[PROBLEM STATEMENT] Retype the whole listing below exactly, keeping every picture out of it.

[DATASET SECTION]

╔══

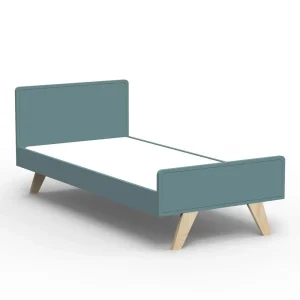 Lit Junior MADAVIN Bouleau Pieds Vernis Naturel 90 x 200 cm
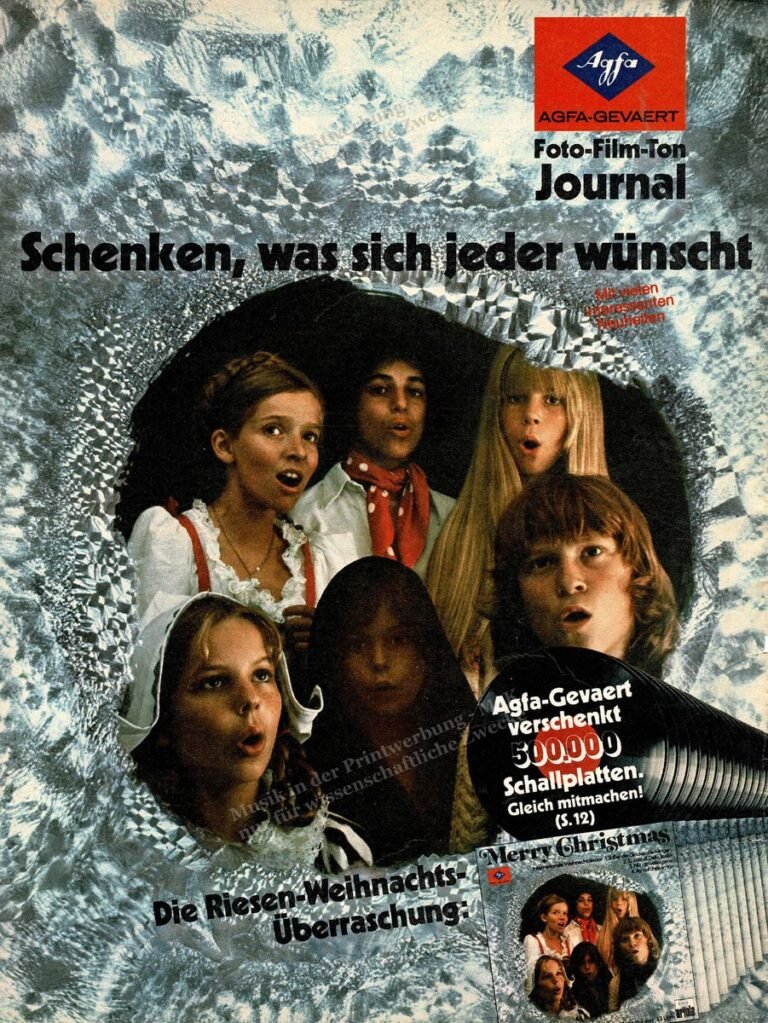 Agfa Schallplatte Stern 50 1974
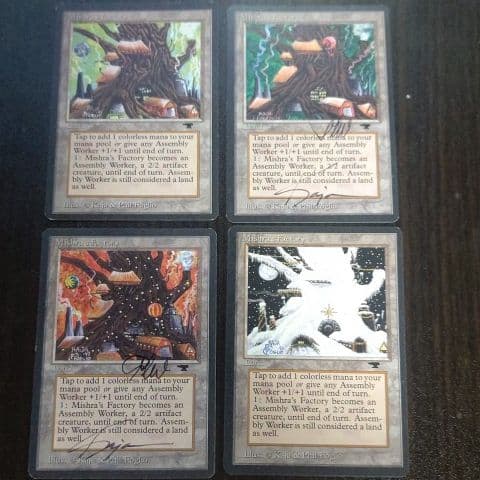 MTG　Mishra's Factory（ミシュラの工廠　春夏秋冬）一部サイン入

╚══

[SOLVED PROBLEM]
 Lit Junior MADAVIN Bouleau Pieds Vernis Naturel 90 x 200 cm
 Agfa Schallplatte Stern 50 1974
 MTG　Mishra's Factory（ミシュラの工廠　春夏秋冬）一部サイン入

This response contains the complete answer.